** WHAT YOU HAVE TO DO **
Would you please transcribe the records below from the line with "高清大图下载【趣麦麦图】热带海岛日落美景" through their final line, exactly and with no other lines?

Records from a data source

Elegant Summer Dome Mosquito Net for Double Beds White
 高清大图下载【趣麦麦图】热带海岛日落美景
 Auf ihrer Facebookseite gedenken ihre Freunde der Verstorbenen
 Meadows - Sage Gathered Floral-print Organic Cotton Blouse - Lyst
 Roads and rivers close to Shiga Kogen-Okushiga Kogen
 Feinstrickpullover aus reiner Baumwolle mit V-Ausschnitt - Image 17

** EXERCISE OUTPUT **
 高清大图下载【趣麦麦图】热带海岛日落美景
 Auf ihrer Facebookseite gedenken ihre Freunde der Verstorbenen
 Meadows - Sage Gathered Floral-print Organic Cotton Blouse - Lyst
 Roads and rivers close to Shiga Kogen-Okushiga Kogen
 Feinstrickpullover aus reiner Baumwolle mit V-Ausschnitt - Image 17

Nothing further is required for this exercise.